Search the listing for the string "video". Copy every line that has it.

Data to examine »
════

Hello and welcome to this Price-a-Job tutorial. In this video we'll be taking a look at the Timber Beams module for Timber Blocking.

════

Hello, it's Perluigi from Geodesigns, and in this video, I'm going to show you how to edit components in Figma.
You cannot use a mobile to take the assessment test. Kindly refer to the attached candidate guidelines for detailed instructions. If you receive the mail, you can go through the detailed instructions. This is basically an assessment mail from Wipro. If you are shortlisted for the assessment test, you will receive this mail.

════

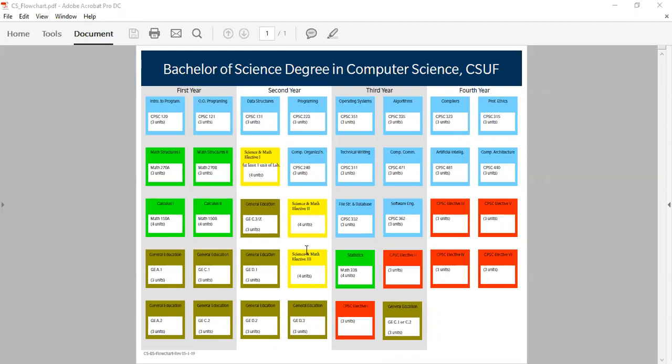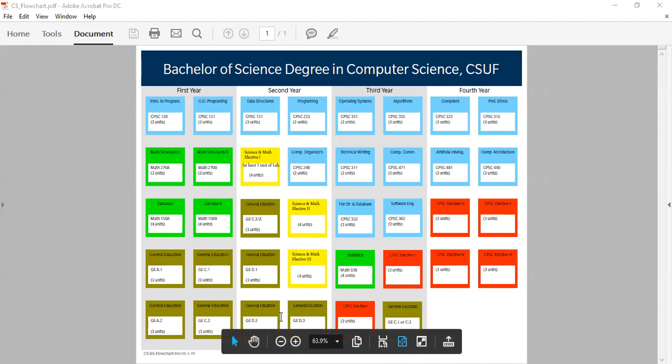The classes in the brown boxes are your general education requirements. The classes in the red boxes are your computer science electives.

════

Answer to this exercise »
Hello and welcome to this Price-a-Job tutorial. In this video we'll be taking a look at the Timber Beams module for Timber Blocking.
Hello, it's Perluigi from Geodesigns, and in this video, I'm going to show you how to edit components in Figma.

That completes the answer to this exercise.